Pada korporasi, keuntungan akan berupa profit
dan pembagian dividen ke pemegang saham, sedangkan dalam konteks EG
dividennya ialah peningkatan kepuasan dan kesejahteraan rakyat di daerah
tersebut. Hal itu dapat terlihat dari indikator meningkatnya pendapatan asli
daerah (PAD), berkurangnya orang miskin, meningkatnya kesejahteraan pegawai
yang menjalankan roda pemerintahan, yang otomatis berdampak pada kurangnya
tingkat korupsi di daerah tersebut.
Seorang kepala daerah ditantang untuk dapat
mengidentifikasi kekuatan (strenght) dan peluang di
daerahnya. Peluang ini dapat berupa potensi SDA (di bawah permukaan bumi,
lahan pertanian yang subur, pariwisata, perikanan, dan kelautan), atau letak
yang strategis sebagai logistik (trade
hub). Singapura menjadi contoh sebagai salah satu negara yang dapat
memanfaatkan lokasi/letaknya sebagai kota trade
and logistic hub sangat sukses.
Singapura menjadi kota atau negara maju yang
mampu memberikan dividen berupa kepuasan dan kesejahterakan kepada rakyatnya.

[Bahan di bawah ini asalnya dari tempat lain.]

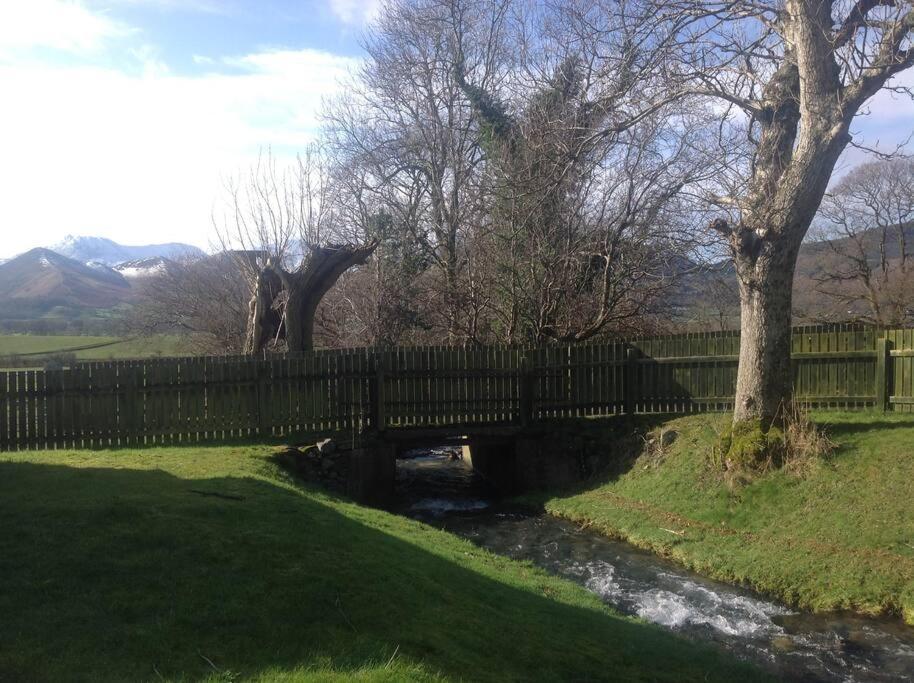 The Hayloft. Entire Barn Conversion Near Keswick Applethwaite Eksteriør bilde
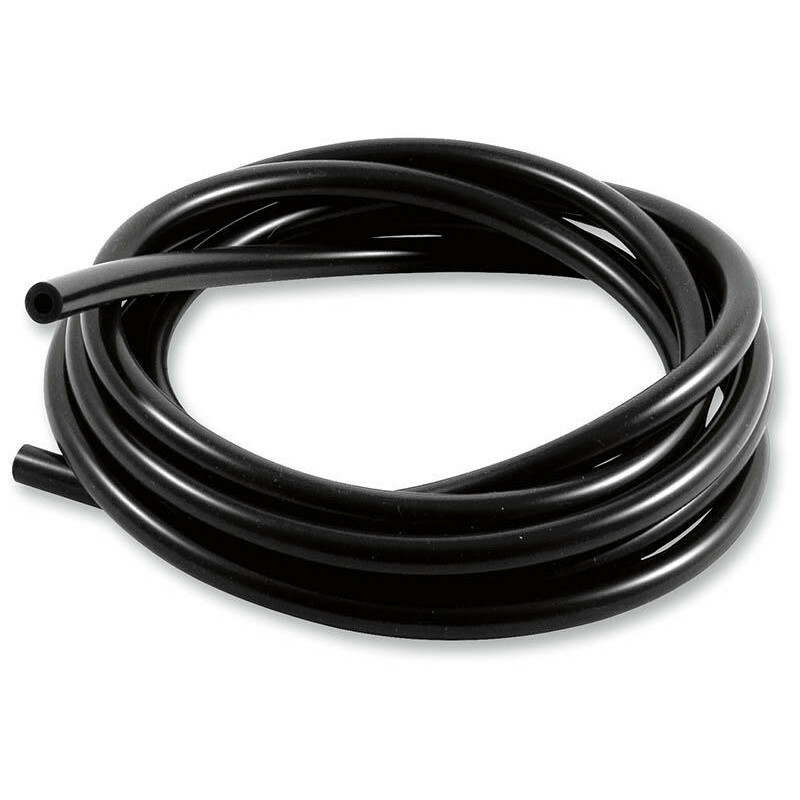 Manguito universal para respiraderos SAMCO  Negro 3m - inner Ø 3mm / outer Ø 7mm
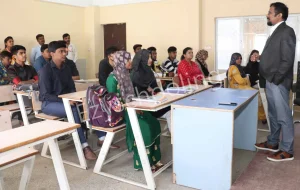 United PU College Gallery 3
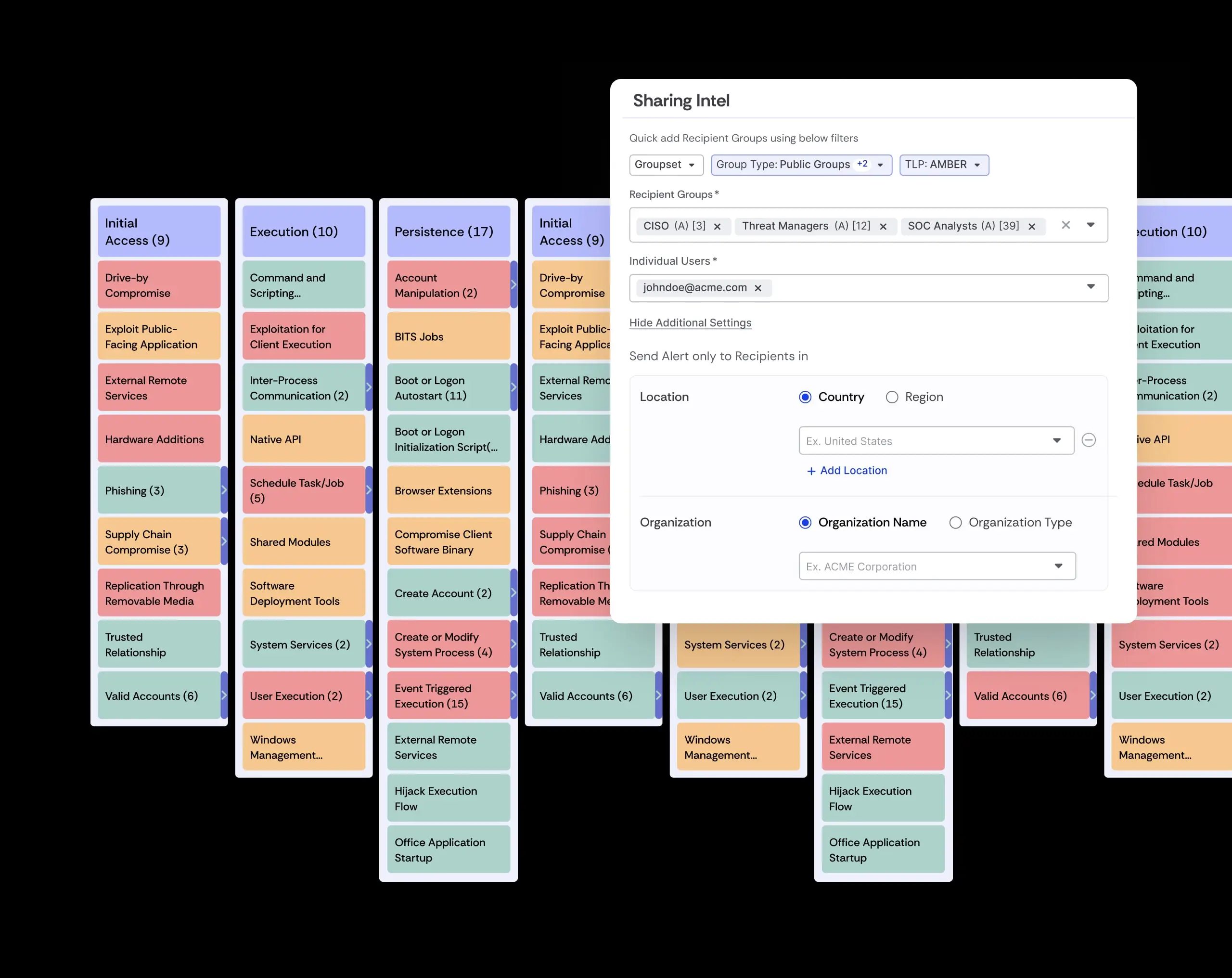 Cyware empowering CERTs and National SOCs with AI tools for threat intelligence sharing, automated workflows, and collaborative defense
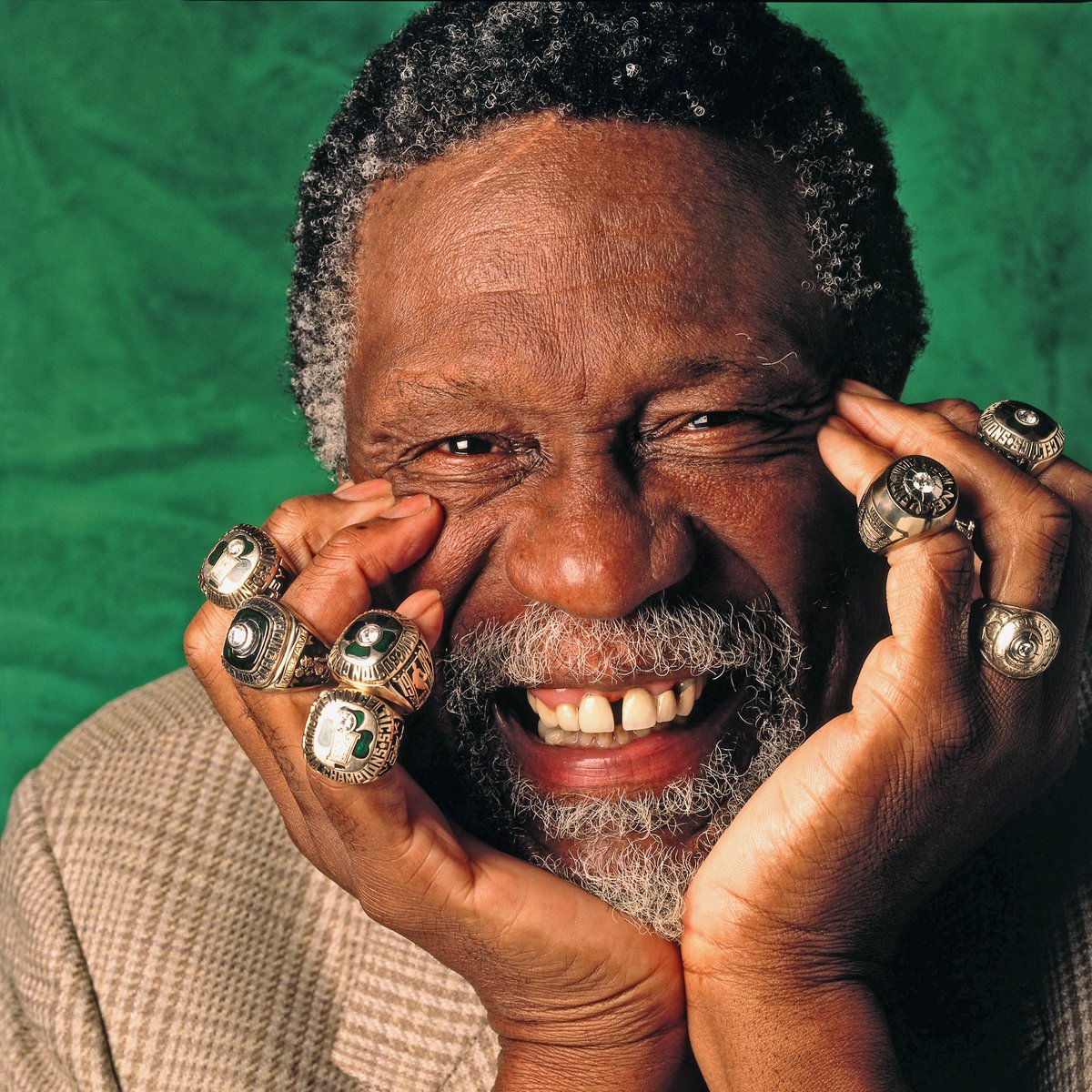Olympic icon Bill Russell dead at 88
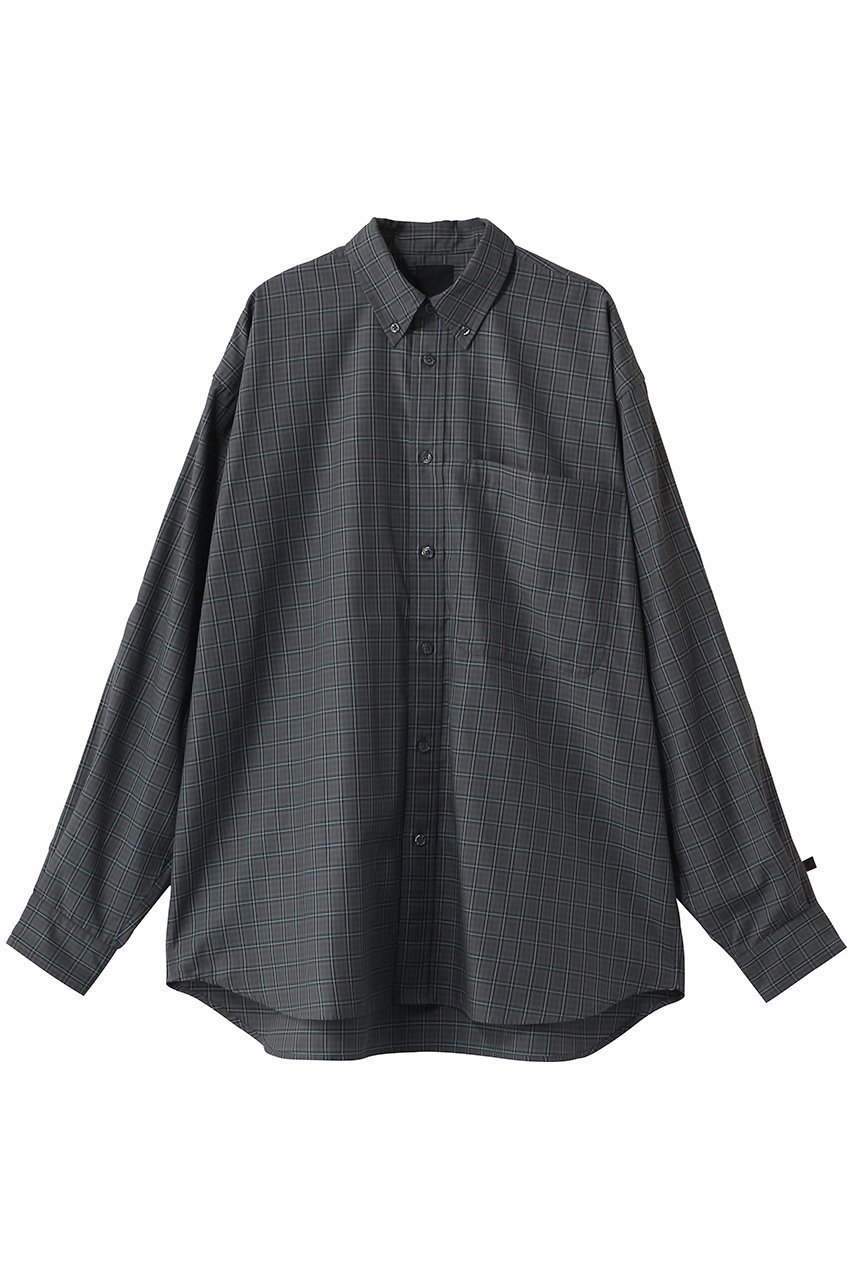 【ダイワ ピアサーティーナイン/DAIWA PIER39 / MEN】の【MEN】TECH BUTTON DOWN SHIRT L/S GREN PLAID 人気、トレンドファッション・服の通販 founy(ファニー) 　ファッション　Fashion　メンズファッション　Fashion for Men　トップス・カットソー　Cut & Sew Tops　メンズシャツ　Shirts　2026年　2026　サングラス　Sunglasses, Shades　シンプル　Simple, Minimal　スポーツ　Sports, Activewear　ツイル　Twist, Twisted Detail　パッチ　Patch, Appliqué　プリーツ　Pleats, Pleated　ポケット　Pocket, Pocket Detail　ミリタリー　Military, Army Style　モバイル　Mobile, Smartphone　夏　Summer　春　Spring　S/S・春夏　SS, Spring/Summer, Warm Season　 other-1|ID: prp329100004861725 ipo3291000000036050869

Dalam mewujudkan ini para kepala daerah untuk inisiasi dapat mengundang para
ahli, konsultan, atau wiraswastawan sukses sebagai partner atau bagian dari
tim implementasi.
Mengubah mindset
Anggaran berbasis kinerja (ABK) merupakan
salah satu produk reformasi birokrasi. Pada ABK, kinerja (outcome) dari sebuah program kerja dan
output dari sebuah kegiatan menjadi dasar utama pengeluaran anggaran. Dalam
konteks mewujudkan EG diperlukan strategi mengelola ABK ini dengan lebih
fokus dan terukur.
Anggaran pendapatan dan belanja daerah (APBD)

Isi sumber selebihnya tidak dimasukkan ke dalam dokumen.